D. Appropriateness of Other Sanctions
The less-drastic sanction of dismissal without prejudice is the appropriate result here. That is so even though Brown and Mingle have filed a motion to dismiss. See Ortiz v. Donnellon, No. 11-14154, 2012 WL 1957306, at *1 (E.D. Mich. May 31, 2012) (affirming report and recommendation that dismissed pro se plaintiff's complaint without prejudice for failure to prosecute and found defendants' motion to dismiss moot). Dismissal without prejudice balances the Court's interest in "sound judicial case and docket management" with "the public policy interest in the disposition of cases on their merits." Muncy, 110 F. App'x at 557 n.5. That sanction is particularly appropriate in cases of prolonged inactivity and where, as here, the plaintiff appears pro se. See Mulbah, 261 F.3d at 591 (noting that the four-factor test is applied "more stringently where the conduct of a plaintiff's attorney is the reason for dismissal").
IV. Recommendation
Considering the four relevant factors, the Magistrate Judge RECOMMENDS that this action be DISMISSED WITHOUT PREJUDICE under Federal Rule of Civil Procedure 41(b) and that Brown and Mingle's motion to dismiss (Doc. No. 15) be FOUND MOOT.

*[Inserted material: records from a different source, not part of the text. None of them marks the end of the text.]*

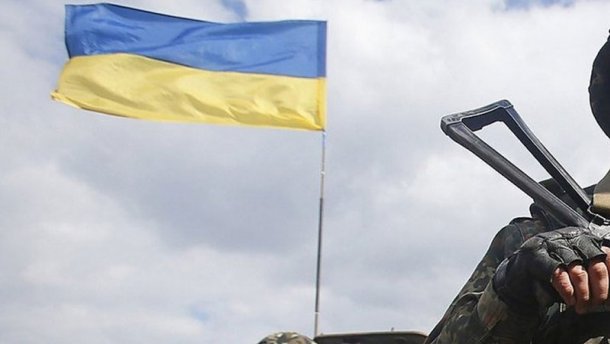 Геращенко: Более 100 украинцев остаются в плену боевиков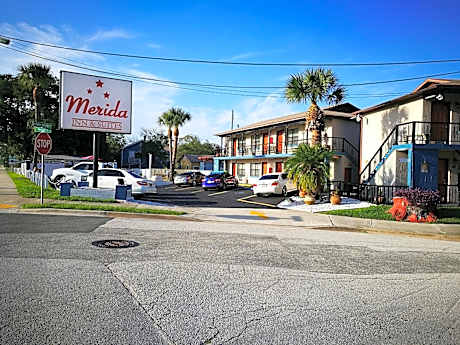 Merida Inn & Suites
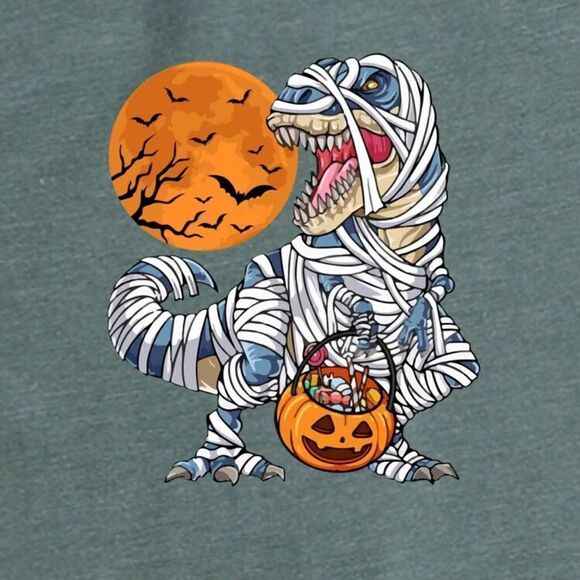 NWT Cute Halloween Themed T-Shirt - Picture 3 of 5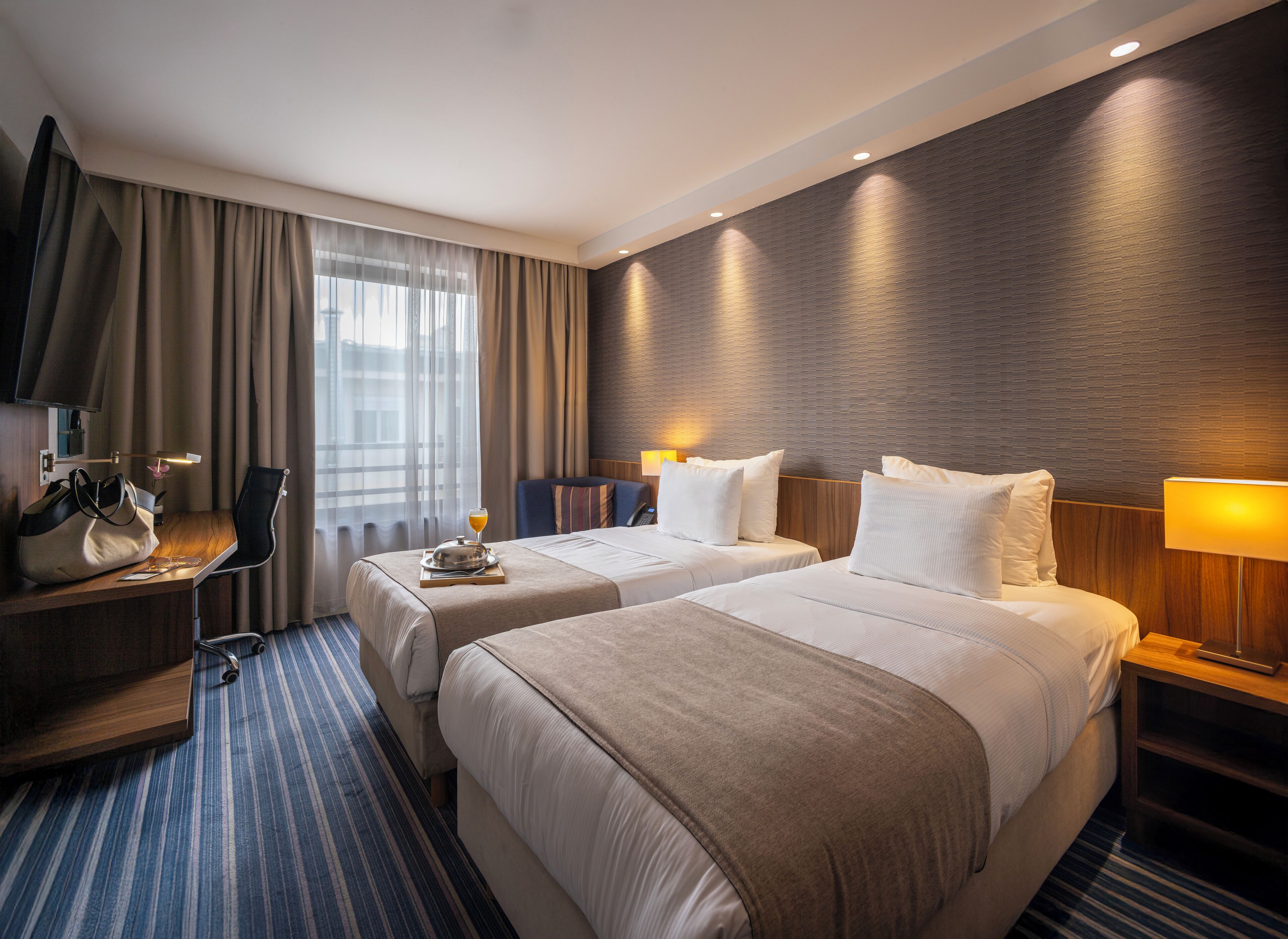 标准双床房 | 迷你吧、客房内保险箱、办公桌、笔记本电脑工作区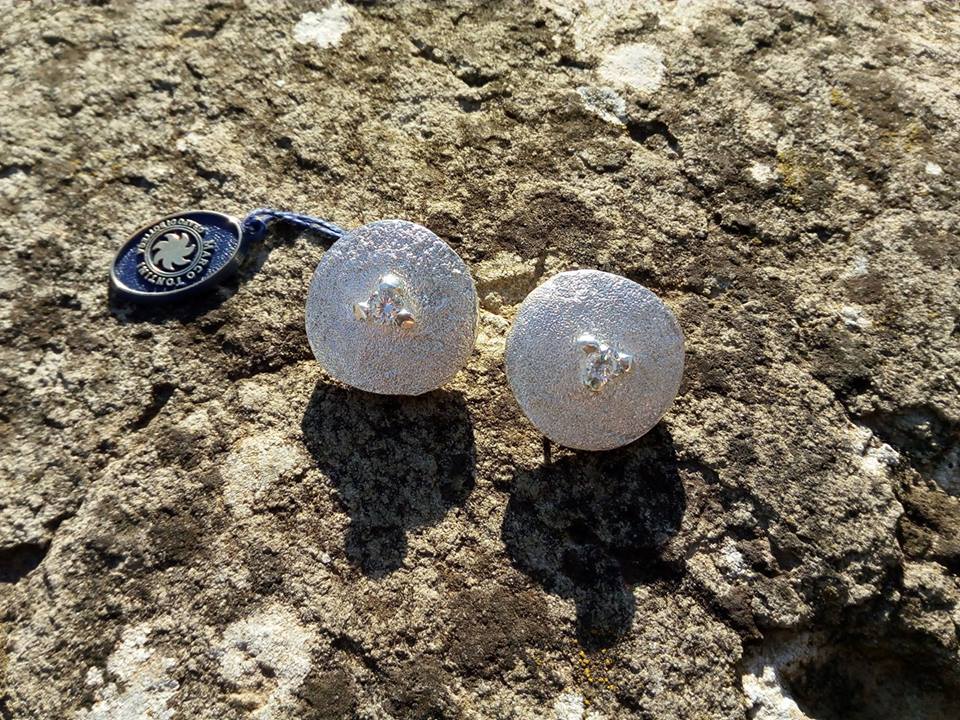 Orecchini in argento con brillante fatti a mano design  3d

Any party has fourteen days after being served with this report and recommendation to file specific written objections. Failure to file specific objections within fourteen days of receipt of this report and recommendation can constitute a waiver of appeal of the matters decided. Thomas v. Arn, 474 U.S. 140, 155 (1985); Cowherd v. Million, 380 F.3d 909, 912 (6th Cir. 2004). A party who opposes any objections that are filed may file a response within fourteen days after being served with the objections. Fed. R. Civ. P. 72(b)(2).
Entered this 12th day of April, 2019.